Task item.
Restate the records below exactly. Pictures are not part of the copy.

▬▬▬▬▬▬

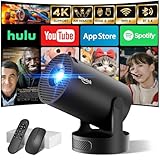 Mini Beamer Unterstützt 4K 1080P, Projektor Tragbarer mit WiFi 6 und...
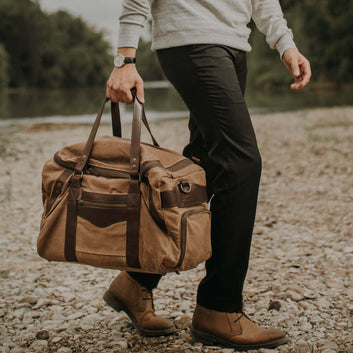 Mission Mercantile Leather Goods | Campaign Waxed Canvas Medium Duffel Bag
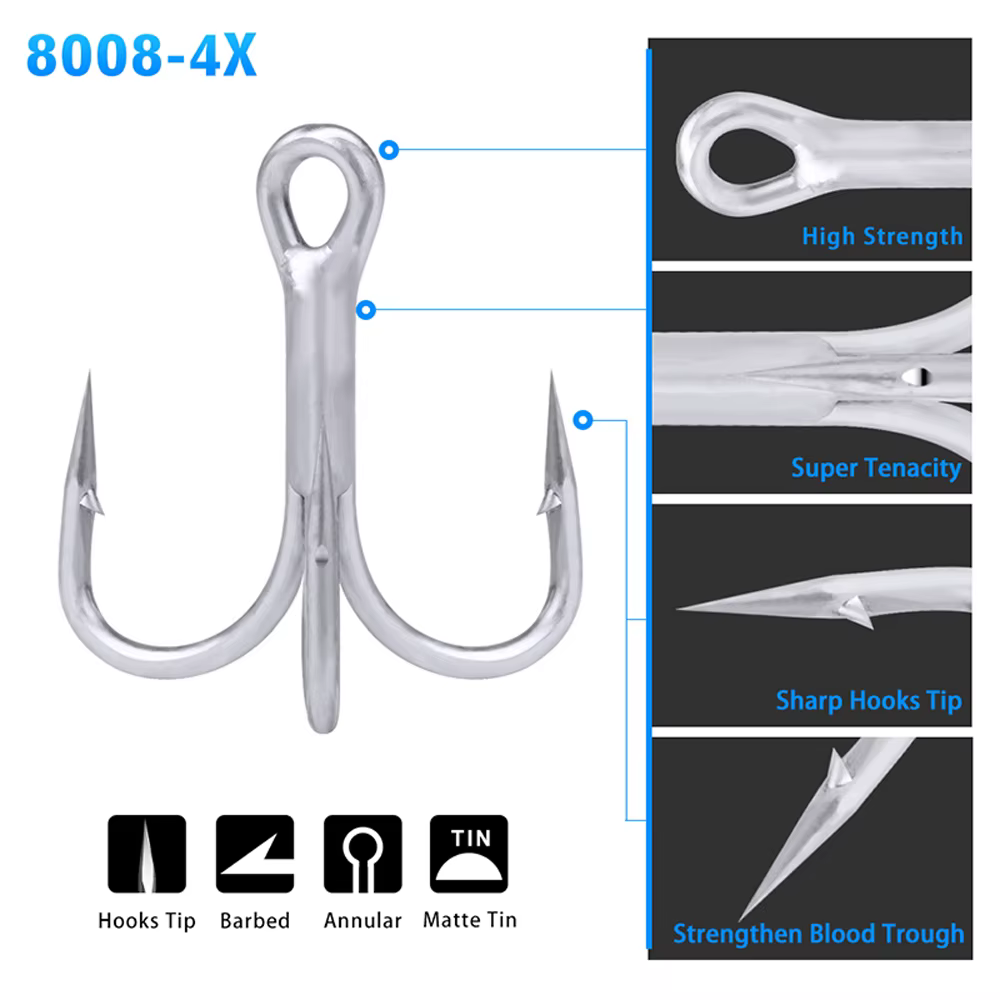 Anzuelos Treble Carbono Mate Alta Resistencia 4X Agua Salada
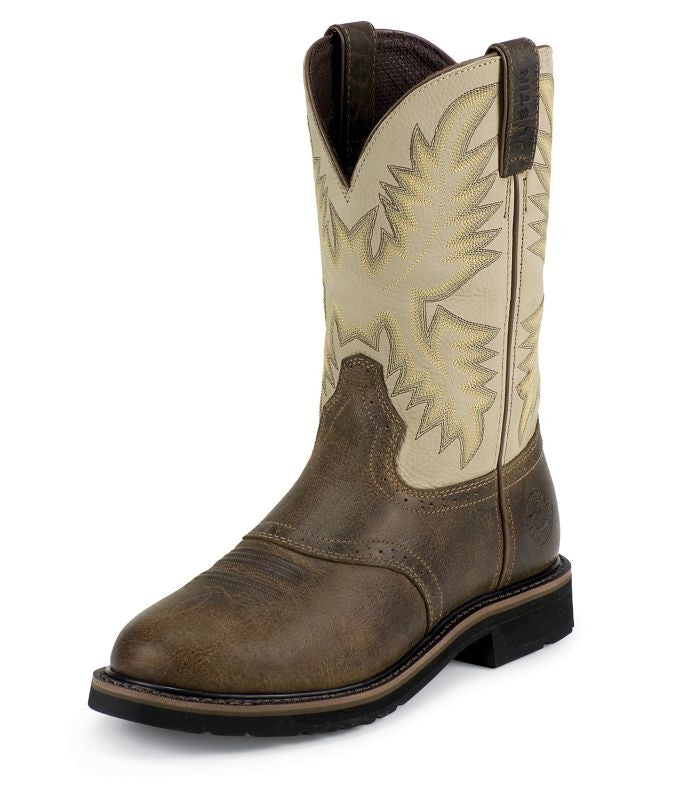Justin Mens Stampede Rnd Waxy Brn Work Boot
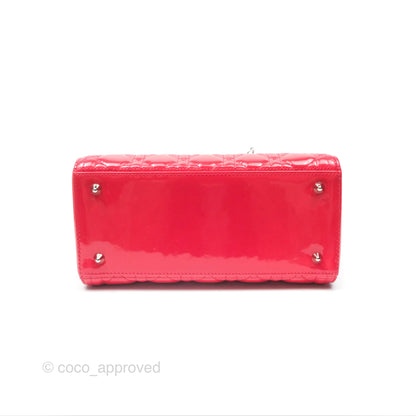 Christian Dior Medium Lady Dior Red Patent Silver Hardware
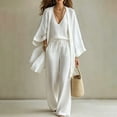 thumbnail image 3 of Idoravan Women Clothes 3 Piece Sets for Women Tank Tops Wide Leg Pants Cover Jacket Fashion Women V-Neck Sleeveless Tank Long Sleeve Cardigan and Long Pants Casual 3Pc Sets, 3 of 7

▬▬▬▬▬▬

Expected answer.
 Mini Beamer Unterstützt 4K 1080P, Projektor Tragbarer mit WiFi 6 und...
 Mission Mercantile Leather Goods | Campaign Waxed Canvas Medium Duffel Bag
 Anzuelos Treble Carbono Mate Alta Resistencia 4X Agua Salada
Justin Mens Stampede Rnd Waxy Brn Work Boot
 Christian Dior Medium Lady Dior Red Patent Silver Hardware
 thumbnail image 3 of Idoravan Women Clothes 3 Piece Sets for Women Tank Tops Wide Leg Pants Cover Jacket Fashion Women V-Neck Sleeveless Tank Long Sleeve Cardigan and Long Pants Casual 3Pc Sets, 3 of 7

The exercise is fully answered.